Standards and Status Quo

status-post-bubbles

Sustaining a relationship is tough. It’s much harder than getting into one and definitely harder than ending one as well. Expectations and intricacies make it hard for anyone to keep a person that you love happy. In an age of social media and the exuberance of millennials people want more and more of you. They want to over exemplify the importance of you because the more they can post you, the more they can embellish the fact that they have something or someone in their life. As I have often discussed the logistics of a quality relationship should remain separate from the broadcast world but you should and can acknowledge that you have someone important in your life.

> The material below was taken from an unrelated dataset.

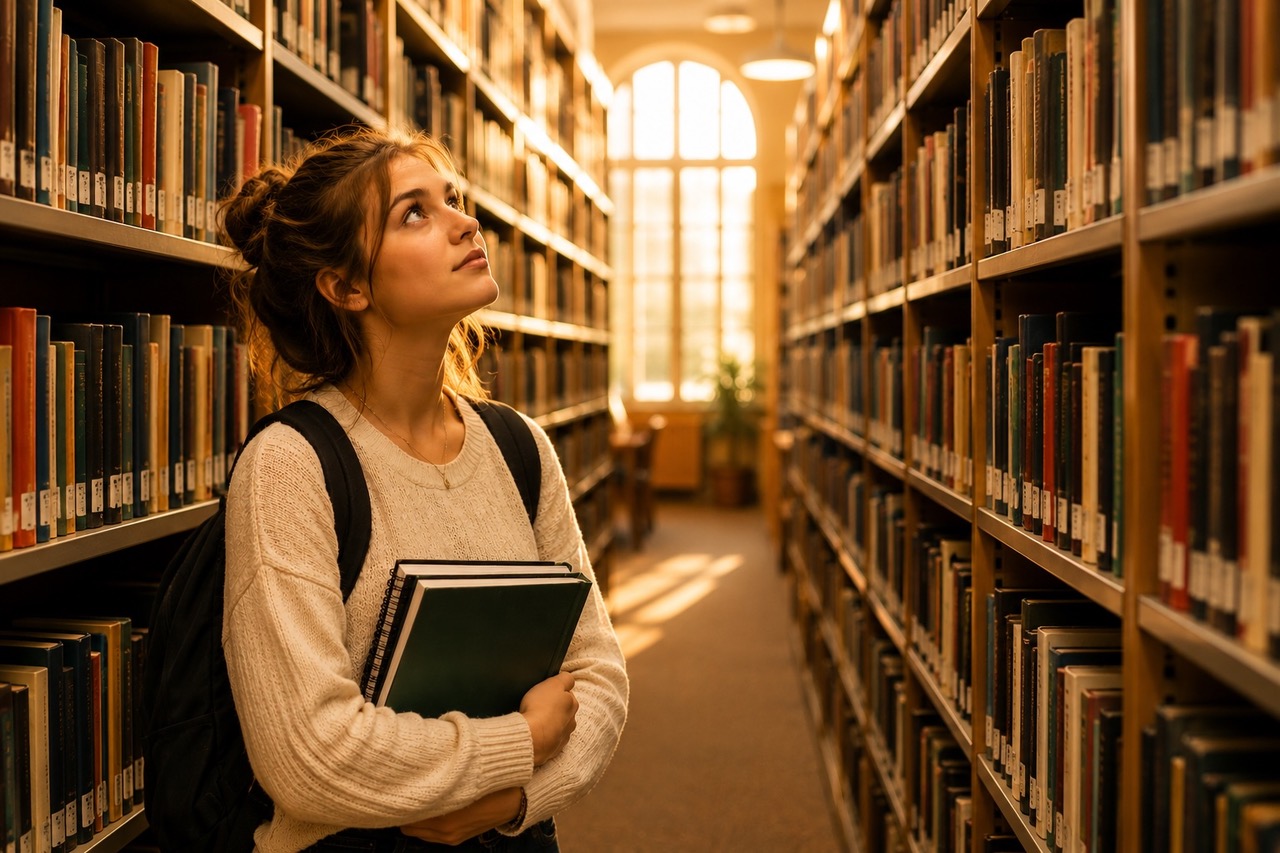 Studentin in der Bibliothek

I had a discussion the other day with a woman my age and she was perplexed at the amount of information that people volunteer about their lives and relationships. She elaborated on the Facebook status or the Twitter feed as the launchpad for people and their problems especially in relationships. Broadcasting your life comes with consequences and repercussions.  Sure it’s great when things are good but as soon as you start it, you have to keep doing it because if it slows down people will think that there is something wrong in your utopia. Also, when people start to inquire about something that you put on display you felt as if someone came for you or you say things that you can’t take back and ruin your chances for reconciliation.

Some people are personal private. What does that mean? That means they like to keep their private life private. Some people don’t put their trophies on display because they don’t feel like they have too. I’ve won MVP’s and played sports on the highest level possible, but I don’t throw it in peoples faces, I just let them figure it out for themselves. To me it’s better that way. I’ve probably won over 300 trophies, medals, or rings in my life and I don’t even have them out in my residence. I have a national championship ring and several state and conference championship rings and I don’t wear any of them. They are in my closet in a box taking up space.

The best business takes place when nobody is involved but the people making the deal. Millennials don’t really understand that. They enjoy the idea of everyone partaking in their endeavors.  They fell the need to broadcast every detail of everything they do and every trip they take. I’ve seen the entire globe, but you can’t hardly find any evidence of it because I don’t put it on display. I might give you an occasional glimpse but for the most part, I keep it on my level and in my phone gallery. I have memories in my phone of me and my lady. From the first real date, to the first time experiences. That’s the thing… They are for me. They aren’t for everyone else. Even when it comes to my daughter, I only give people glimpses of her. Never great detail. I don’t want her to think she has to be overexposed.

Maybe I’m a dinosaur in a neolithic age. Maybe times have changed and I need to step in to the new millennium. Maybe, just maybe I should step into their world a bit so I can understand it better. The chances of that happening are zero because I like to keep people guessing. If you want to know, ask. If you have to ask, that means you care. If you care, I’d like to know why.